How I very nearly bankrupted Red Robin, just by using the bathroom. - johnny9822

Red Robin. An American institution, fixed up with delicious burgers, shakes, and an all around traditional helping of fatty foods, a fun atmosphere, and, oh, pretty ignorant managers who happen to just leave INDUSTRY LEADING TRADE SECRETS in the middle of a scroungy bathroom. That's right, Red Robin. After enjoying one of their many delicious bacon-stuffed amenities, I wandered into the nearest restroom, and, much to my surprise, found a little black book in one of the stalls. Believing it was a checkbook, I picked it up to see if I could find a name, address, something along those lines. Instead, what I found inside was a full helping of classified recipes, manuals for cooking equipment, even remote login instructions (with pass codes) for their CCTV system. Smooth, Red Robin, real smooth. Heck, I was thinking about taking it over to the Five Guys and attempting to sell it then and there. Fortunately for them, I managed to drop it by a waitress on the way out. I only wish I had taken a shot of their delicious Peppercorn Burger for home usage.
======
mkandler
As a former Red Robin employee, I should tell you - people would ABSOLUTELY
KILL for the ranch dressing recipe. That alone might have scored you a pretty
penny. I used to get asked several times a week for a some ranch "to go."

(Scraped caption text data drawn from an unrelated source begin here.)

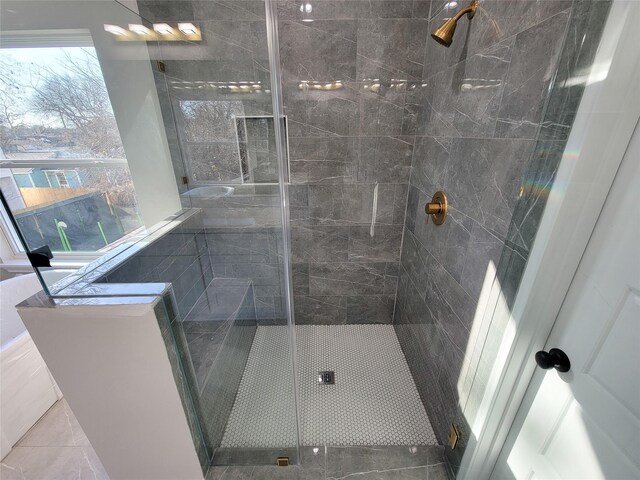 bathroom featuring a shower with shower door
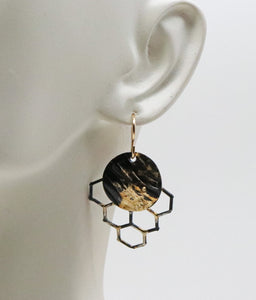 honeycomb earrings shown on lobe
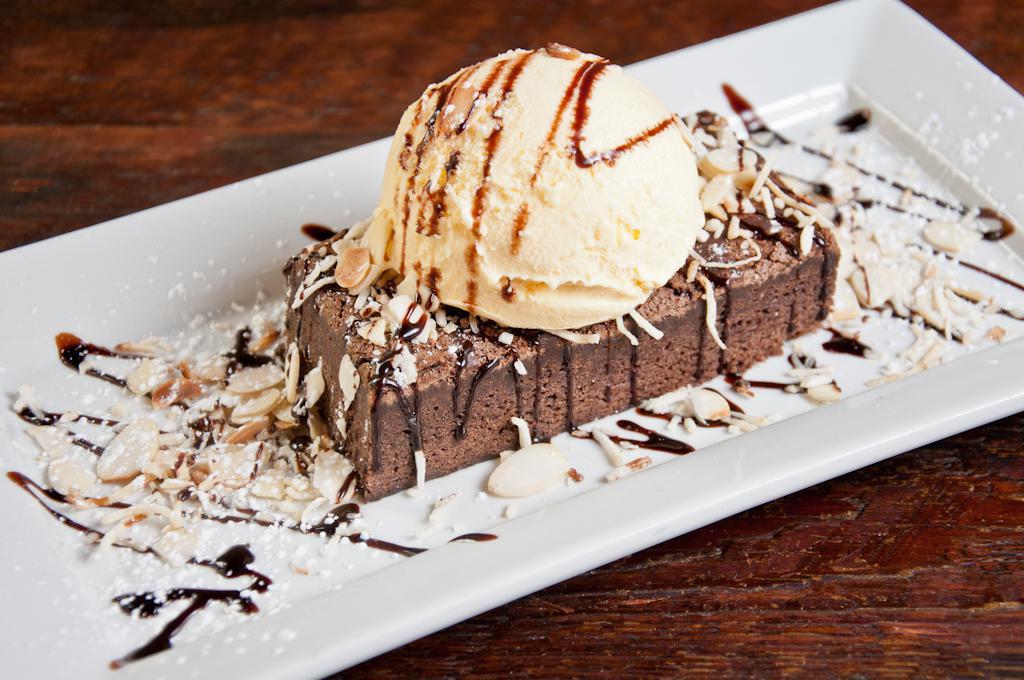 Almond Joy · Homemade brownie topped with vanilla bean ice cream, roasted almonds and toasted coconut.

Suggestions included filling a 16oz to-go soda cup with ranch and in exchange
for a $20. Unfortunately for them, I didn't think it was worth risking my high
school job.

------
ajtaylor
Most likely, Five Guys would have refused your offer because their lawyers
wouldn't want to deal with the inevitable lawsuits from Red Robin. That's not
to say that other, smaller players might not have taken the risk. But good on
ya for making The Right Choice. :)